To generalize, in many nickel tours, the client walks the consultant through the backoffice, introduces sales personnel, has them sit in with customer service representatives, attend working meetings related to information technology user sessions, etc. The purpose is to give the consultant a ground floor view of what happens in the business (plus an opportunity to ask questions). The nickel tour helps to compress a complex view of the business into one short experience. While a lot of the tour can turn out to be a bunch of chit-chat and small talk, I have often turned the nickel tour into a very useful experience. The nickel tour can be a very valuable source for initial checkpoint information for the consultant (e.g., if the consultant sees large piles of inventory, frazzled or distressed workers, disorganized workspaces). A consultant may also meet people on the tour that can serve as useful sources of information later in an engagement.

On the flip-side, a consultant needs to be wary of "stage plays". This is a case where the nickel tour is not a real tour of operations, but a case where someone (within the client operations) has dressed up the situation to be different or better than it really is on a day-to-day basis.

In any case, make sure to think about giving or getting a nickel tour in a consulting relationship. Although it is not always possible or desirable in some cases to give a nickel tour, a nickel tour can really help consultants get a "live" feel for the business at hand.

Somewhere Between Goal Management, Client Facilitation, and CYA

As I work through my own professional goals plan for the year, I am reminded of an early lesson in management consulting. This technique has do more with firms that are implementation-oriented as opposed to strategy-based, and it is related to getting a client organization to move. I don’t know if there is a name for the technique, but for the purposes here, I’ll call it "progress to goal management".

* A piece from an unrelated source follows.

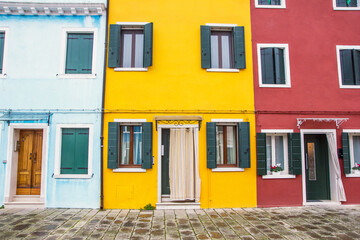 Murano and Burano island landscape. Venice region in Italy. Colorful various home facades.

The essence of the technique begins with the consultant working with the client organization to establish one or more measureable goals and then reporting on actual performance regularly with a gap diagnostic. Let’s say a goal is to create $5.5 million in annual revenue for a new start-up initiative (say $500K in Q1, $1M in Q2, $2M in Q3, and $2M in Q4). The consultant then works with the client to put a regular measurement system in place, say monthly. Suppose that by the end of Q1 that the client has only achieved 15% of the goal. The consultant should be working with the manager owning the revenue to report not only the numeric gap in performance but also a diagnostic of why things are off track (from both quantitative and qualitative perspectives).

Although the technique may seem obvious, in implementation consulting, one is often trying to diagnose problems or set up operations for things that happen below a corporate-level or business unit-level. The devil may be in the details and low-levels of the company so-to-speak. Thus, things like board-level measurements and control may neither be enforced nor visible. Other situations where measurements may not be readily available include setting up new business structures (e.g., new business line) or bypassing old business structures (e.g., where old methods too cumbersome or bureaucratic).

Other than trying to help the client (which is the primary goal, of course), the flip side of this is that the consultant is pulling a "CYA" in some sense. One can’t start a project and then six months later show up and simply report to executive management that the goal wasn’t met by the business unit or functional area management. Progress to goal (and gap) reporting is needed every step of the way along with mid-course control and corrections. In this way, the consultant separates the aspects of proper management control from management’s ability to execute.

Schools Of Thought In Management Consulting

These days I’m in an environment where I’m working with other management consultants, working with those formerly with other management consulting firms, and experiencing the second-order effects of management consultants currently in the business. Being immersed in all of this led to an interesting discussion on two "schools of thought" in management consulting regarding styles of either 1) laying out options for clients or 2) making recommendations. (I should note that by highlighting these two schools of thought, I don’t mean to imply that every engagement lends itself to one style or the other – for example, many implementation consulting engagements may simply be change management oriented or facilitative. Strategy engagements, on the other hand, typically lead to decision-making crossroads, etc. where a pre-dominant school of thought would play out).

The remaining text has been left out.